* Directions *
Nothing outside the range below should be printed. Output exactly the lines from the line with "La tajante respuesta" to the line with "卫生间门对餐桌的忌讳 卫生间门对餐桌影响大吗 卫生间门对餐桌的忌讳", both included.

* Entries shown *
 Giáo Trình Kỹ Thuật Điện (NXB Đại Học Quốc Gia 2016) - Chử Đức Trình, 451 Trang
* * *
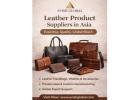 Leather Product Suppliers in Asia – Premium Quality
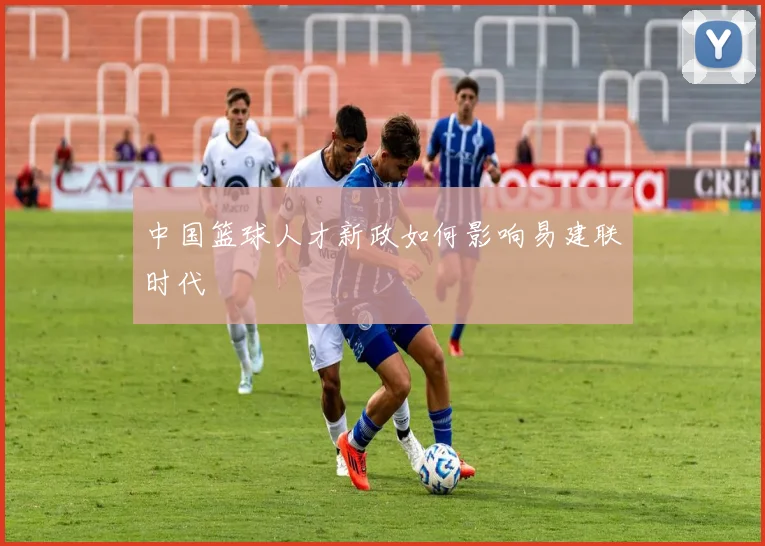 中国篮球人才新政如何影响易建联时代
--
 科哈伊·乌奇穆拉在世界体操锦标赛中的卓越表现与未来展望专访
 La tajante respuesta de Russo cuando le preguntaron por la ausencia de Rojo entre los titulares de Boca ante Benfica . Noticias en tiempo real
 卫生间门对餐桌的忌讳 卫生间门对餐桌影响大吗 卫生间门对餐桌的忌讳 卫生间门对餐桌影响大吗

* Answer *
 La tajante respuesta de Russo cuando le preguntaron por la ausencia de Rojo entre los titulares de Boca ante Benfica . Noticias en tiempo real
 卫生间门对餐桌的忌讳 卫生间门对餐桌影响大吗 卫生间门对餐桌的忌讳 卫生间门对餐桌影响大吗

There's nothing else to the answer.